Insegnare è una cosa difficile. Insegnare online è diabolicamente difficile. Perché il diavolo si nasconde dove ben sappiamo.
Per questo, gli insegnanti bravi si fanno domande su tutto. Ogni aspetto è degno di riflessione e suscettibile di miglioramento. L’ottimo è nemico del bene ovviamente e alla fine una lezione bisogna averla, anche se non c’è stato tutto il tempo che si sarebbe voluto eccetera. Nel contempo, è incredibile come pochi dettagli messi a posto finiscano per fare una grande differenza.
Da guardare Julia Evans, che doveva trasmettere nozioni su Udp e sockets e ha cominciato a chiedersi come avrebbe potuto migliorare l’esperienza di apprendimento. Il tema è tecnico – c’è da imparare, per chi vuole! – e però nulla vieterebbe di adottare lo stesso approccio con i Cartaginesi, la partita doppia, le proprietà della sfera o la geografia astronomica.
Interessante più di tutto che il suo lavoro sia improntato sullo studente. Su quello che potrebbe volere, le risposte che potrebbe dare, la gratificazione che fa bene all’imparare. Il pulsante Ho imparato qualcosa! è semplice, candido, fantastico. Lo studente che prova gusto nel rispondere impara meglio.
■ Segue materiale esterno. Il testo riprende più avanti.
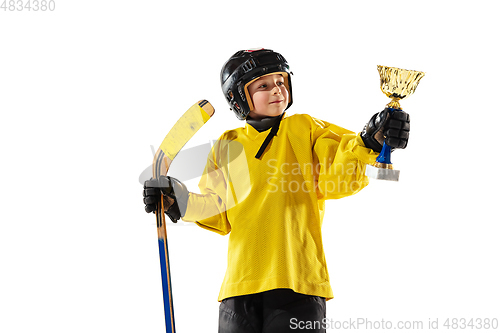 Image of Little hockey player with the stick on ice court and white studio background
Tutto quanto può essere copiato e riutilizzato con poca fatica. A parte qualche gioco di animazione divertente e non strettamente necessario, siamo a Html e Css, la base, la scuola primaria dell’informatica, quello che dovrebbe essere insegnato e usato nelle scuole al posto di Office, al posto di Google Docs, al posto di tutto.
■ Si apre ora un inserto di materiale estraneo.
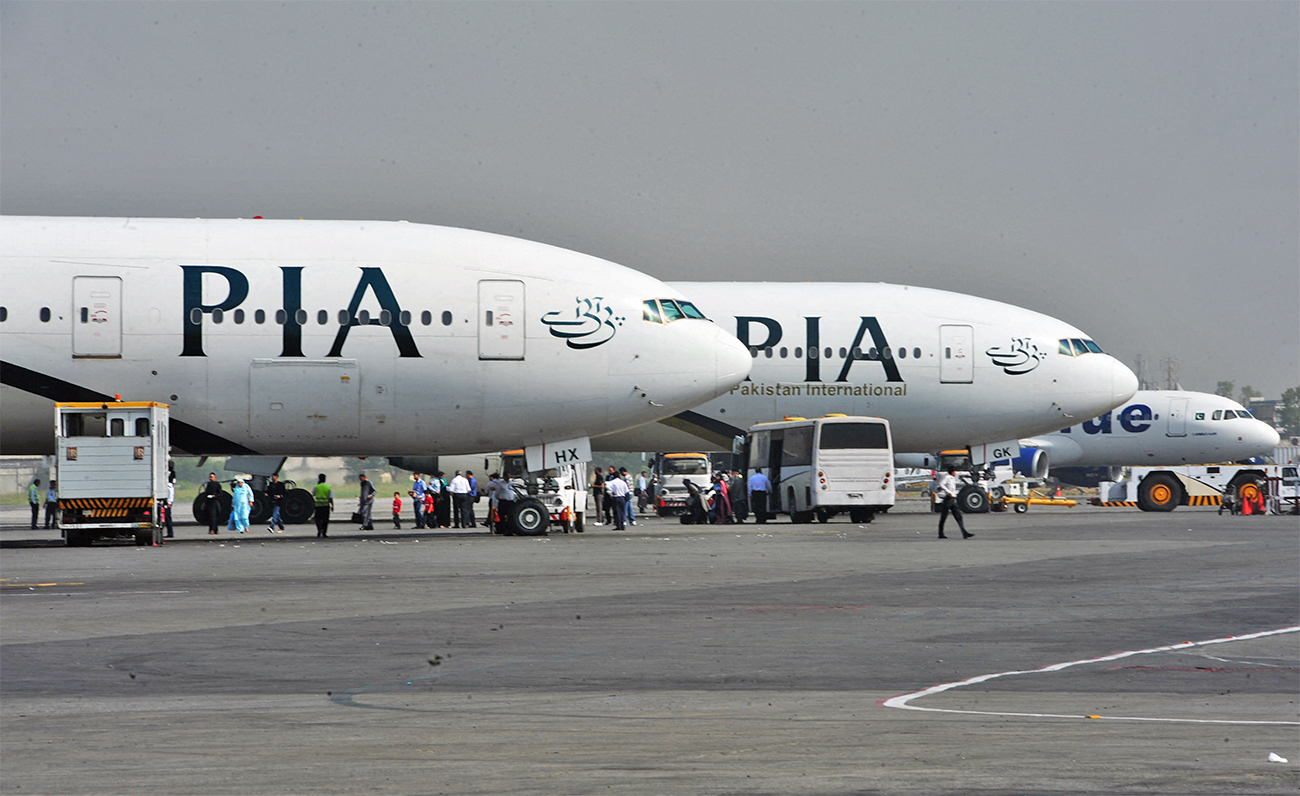 Pakistan International Airline (PIA) planes are positioned on the tarmac at the Benazir Bhutto International Airport in Islamabad, Pakistan, on October 10, 2012. (AFP/File)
Detto questo, si capisce bene quanto siano assurde le idee di mettere mezza classe in aula e mezza a casa a guardare l’altra mezza o altre genialate buttate lì in questo periodo per vedere se si rivolta abbastanza opinione pubblica oppure se si possono fare passare senza troppo baccano. Idee di gente che palesemente non si è mai posta domande come Julia Evans. Non che debba essere requisito per la docenza, eh; anche se dovrebbe rientrare nella cultura generale.